THE PROBLEM:
The data below contains pictures, which are to be skipped; the lines starting at the line with "If you want" and ending at the line with "It's a very" are to be output exactly, both ends included.

--- AVAILABLE DATA Enclosed Below ---

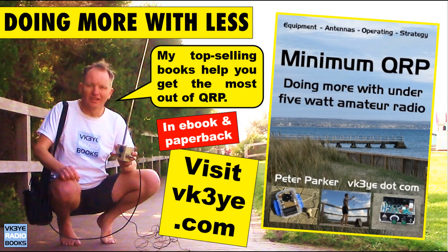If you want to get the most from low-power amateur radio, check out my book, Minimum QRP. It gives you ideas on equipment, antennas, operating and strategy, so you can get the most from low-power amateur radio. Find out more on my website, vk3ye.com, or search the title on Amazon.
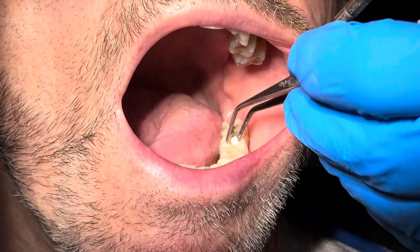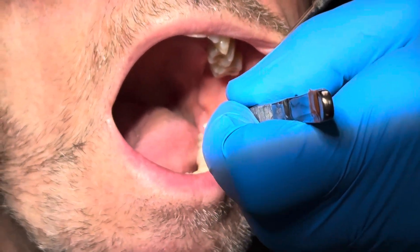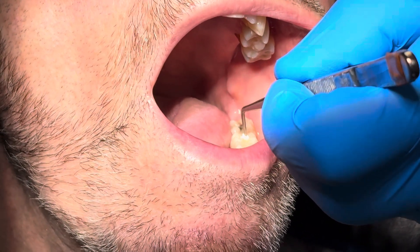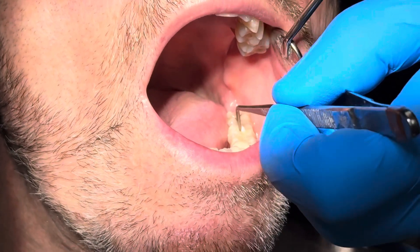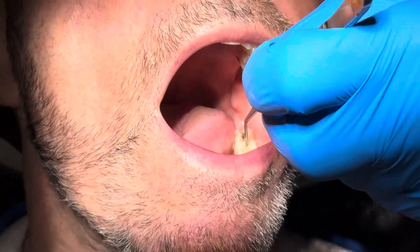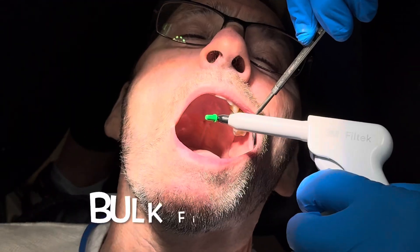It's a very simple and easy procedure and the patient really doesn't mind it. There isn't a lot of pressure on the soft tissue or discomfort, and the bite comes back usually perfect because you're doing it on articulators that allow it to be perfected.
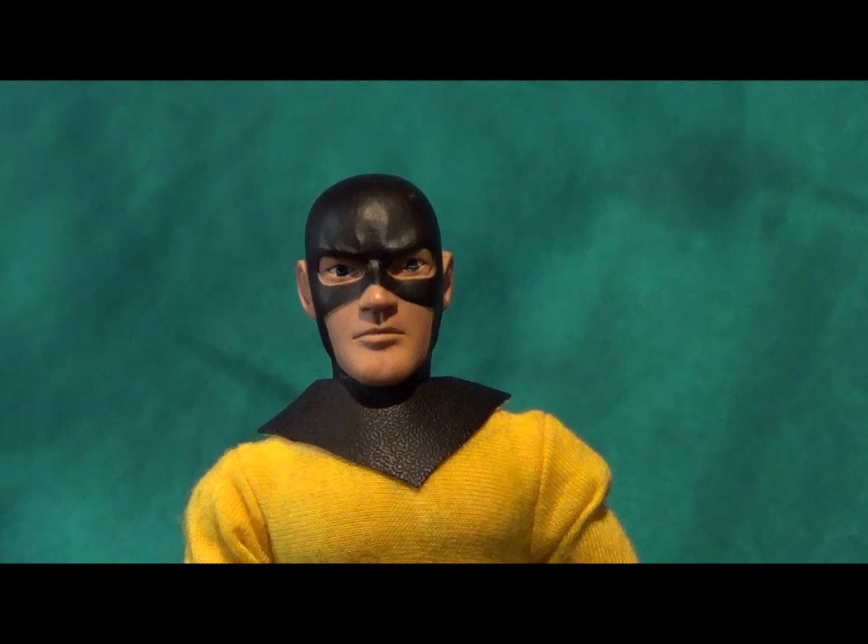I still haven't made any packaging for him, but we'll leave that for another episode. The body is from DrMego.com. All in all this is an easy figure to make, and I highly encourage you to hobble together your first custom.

--- End of Enclosed AVAILABLE DATA ---
--- AVAILABLE DATA Enclosed Below ---

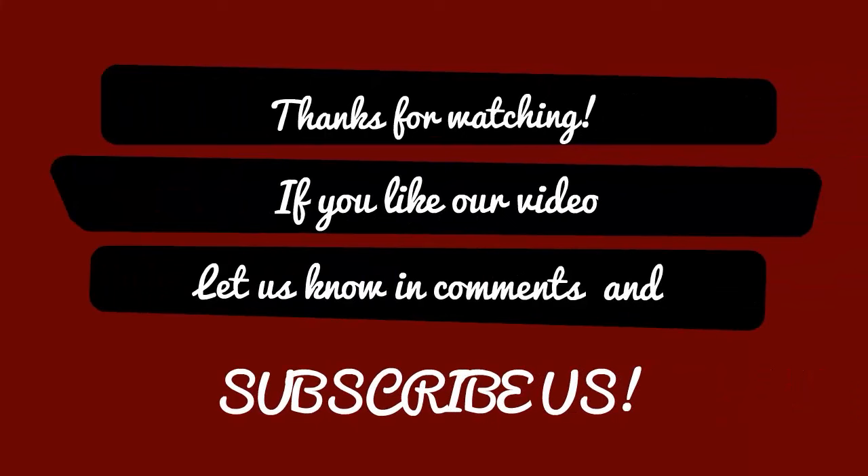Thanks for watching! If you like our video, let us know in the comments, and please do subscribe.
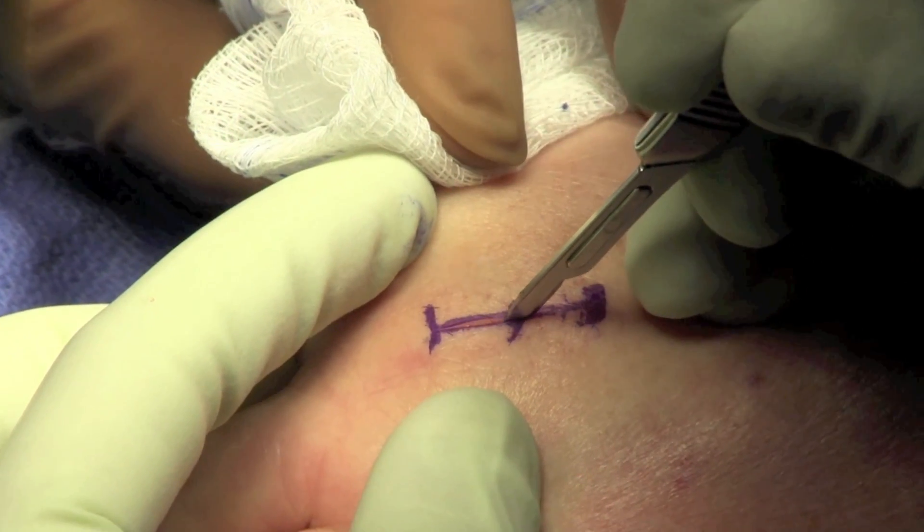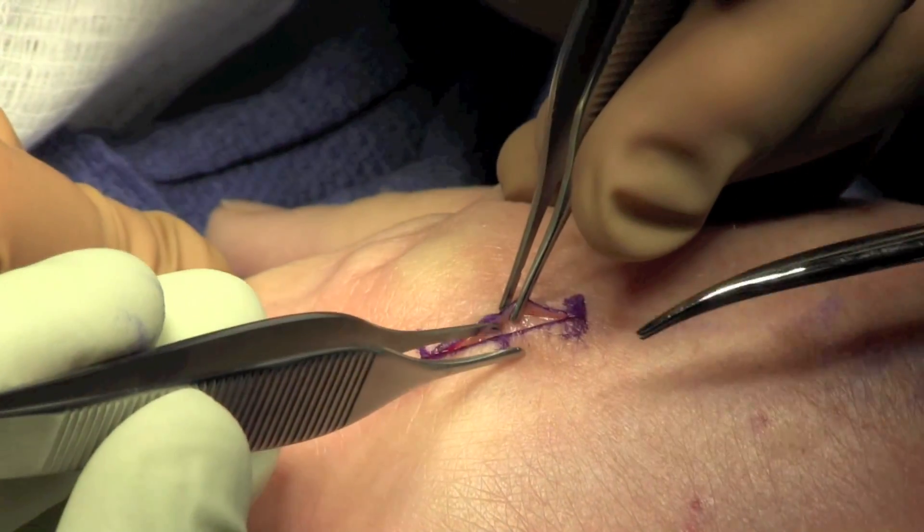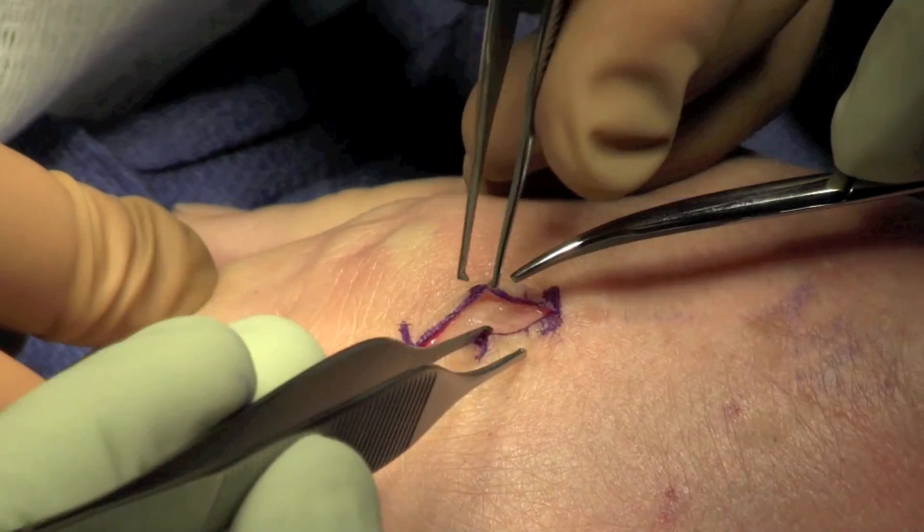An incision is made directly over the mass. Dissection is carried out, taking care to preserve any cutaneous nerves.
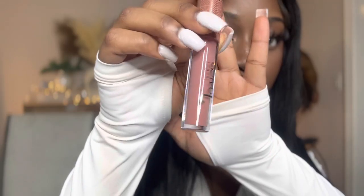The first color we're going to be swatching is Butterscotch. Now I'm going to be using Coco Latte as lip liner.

--- End of Enclosed AVAILABLE DATA ---

TASK SOLUTION:
If you want to get the most from low-power amateur radio, check out my book, Minimum QRP. It gives you ideas on equipment, antennas, operating and strategy, so you can get the most from low-power amateur radio. Find out more on my website, vk3ye.com, or search the title on Amazon.
It's a very simple and easy procedure and the patient really doesn't mind it. There isn't a lot of pressure on the soft tissue or discomfort, and the bite comes back usually perfect because you're doing it on articulators that allow it to be perfected.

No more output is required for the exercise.